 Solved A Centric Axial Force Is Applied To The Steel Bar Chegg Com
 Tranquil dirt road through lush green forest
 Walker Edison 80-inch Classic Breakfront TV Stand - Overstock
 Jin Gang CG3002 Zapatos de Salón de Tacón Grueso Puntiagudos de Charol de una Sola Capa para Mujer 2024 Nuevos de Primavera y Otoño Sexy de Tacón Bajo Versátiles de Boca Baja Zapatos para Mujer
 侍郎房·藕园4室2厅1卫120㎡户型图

+===+

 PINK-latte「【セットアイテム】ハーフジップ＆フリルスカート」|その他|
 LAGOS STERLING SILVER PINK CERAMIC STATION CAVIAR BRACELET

+===+

All lines in the listing above from the line containing "Jin Gang CG3002" to the line containing "侍郎房·藕园4室2厅1卫120㎡户型图", inclusive, should be retyped exactly; no other lines should appear.

 Jin Gang CG3002 Zapatos de Salón de Tacón Grueso Puntiagudos de Charol de una Sola Capa para Mujer 2024 Nuevos de Primavera y Otoño Sexy de Tacón Bajo Versátiles de Boca Baja Zapatos para Mujer
 侍郎房·藕园4室2厅1卫120㎡户型图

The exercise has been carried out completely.